6) Operates as Social Bond: Organisational culture acts as a “social bond”, which connects all the employees and they consider themselves as a part of the organisation. Employees crave social identity and due to this, they are provoked to internalise the organisation’s prevailing culture.
7) Helps in Logical Thinking: Organisational culture helps employees to understand the happenings within an organisation. It also helps them to determine what others expect from them and motivates them to communicate with other employees who know the culture in a better way and also believe in it.
Barriers to Organisational Culture
Following are the barriers to organisational culture:
1) Culture Limits Organisations to Change as per Environmental Demands: Current environment ins which organisations are working is rapidly changing but culture restricts the organisation to act as per the demands of the changing environment.
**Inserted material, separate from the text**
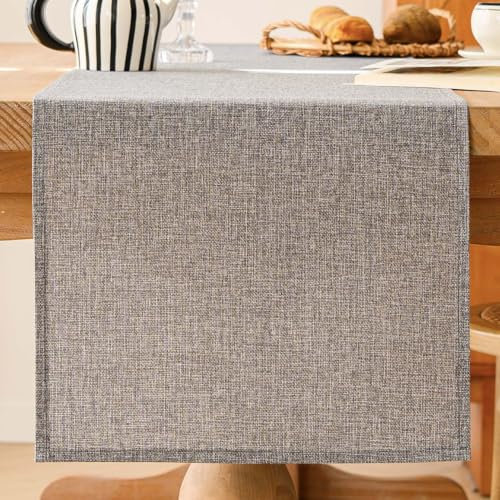 ViaElayu Tischläufer Grau Frühling Modern Tisch läufer Abwaschbar Tischdeko Landhausstil Table Runner Küche Tisch Dekoration Party Geburtstag Hochzeit Dekor 40x180 cm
2) Culture Demands New Employees to Confirm its Values: When a new employee joins an organisation he brings with him a different culture. Rather than accepting good characteristics of his culture, the organisation demands the new entrant to accept and adapt prevailing values and culture.
3) Breakage of Various Business Alliances: Today, many business associations like mergers, and acquisitions are proceeding towards splining stage due to the strong cultures of the parties.
Thus, culture has both merits and demerits. Cultures should be flexible to maximise the merits and reduce the demerits. Culture needs to be changed with time so that the organisation can also change as per the changing environment. Thus, culture must act as a catalyst to adopt the change.
Creating Customer Responsive Culture
A customer-responsive culture is one where employees are friendly and courteous, accessible, knowledgeable, prompt in responding to customer needs and willing to do what’s necessary to please the customer, Customer responsive cultures hire service-oriented employees with good listening skills and the willingness to go beyond the constraints of their job descriptions to do what is necessary to please the customer. It then clarifies their roles, frees them up to meet changing customer needs by minimising rules and regulations, and provides them with a wide range of decision discretion to do their jobs as they see fit.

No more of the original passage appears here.